The majority of presumptively pathogenic V. parahaemolyticus strains collected from Tangier Sound were isolated during the colder months of September, December, and January, 2009–2011. In contrast, the presumptively pathogenic V. parahaemolyticus were isolated from the Chester River during the warmer months of May, June, and August, 2009–2010, except for one strain in September, 2010 and two in December, 2009.
Serotyping was performed on all potentially pathogenic V. parahaemolyticus strains and the majority contained O1 antigen, followed by O3 and then O5. Most strains could not be typed for the K antigen using conventional kits and the most frequently occurring serotype was O1:KUT, a serovariant of O3:K6, accounted for 37.5% of strains tested, followed by O3:KUT (18.75%) (Table 3).

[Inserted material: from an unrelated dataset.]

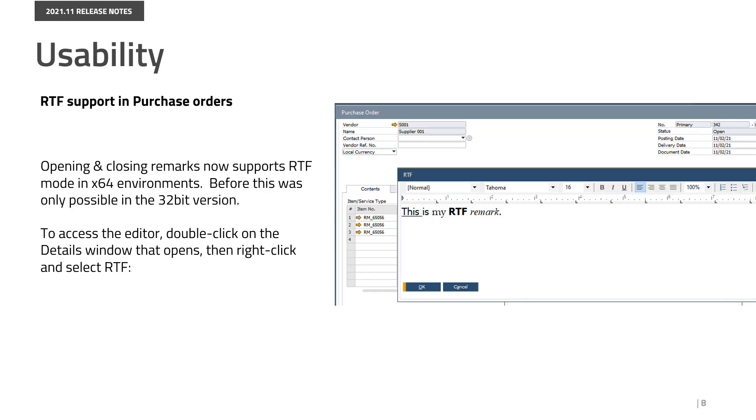The Opening and Closing Remarks in Purchase Orders now supports RTF mode in 64-bit environments. Before, this was only possible in the 32-bit version. To access the editor, double-click on the Details window that opens, then right-click and select RTF.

TABLE 3. Characterization of sixteen water and sediment V. parahaemolyticus isolates collected from the Chester River and Tangier Sound, Maryland.
Pulsed-field gel electrophoresis patterns of the 16 potentially pathogenic V. parahaemolyticus showed significant diversity, five falling into a cluster of related strains, but none showing similar banding patterns (Figure 2). None of the strains shared similar MLVA patterns, confirming the diversity detected by PFGE (Tables 2, 4).
FIGURE 2. Dendrogram created with Bionumerics showing pulsed-field gel electrophoresis (PFGE) patterns of Sfi digested Vibrio parahaemolyticus isolates.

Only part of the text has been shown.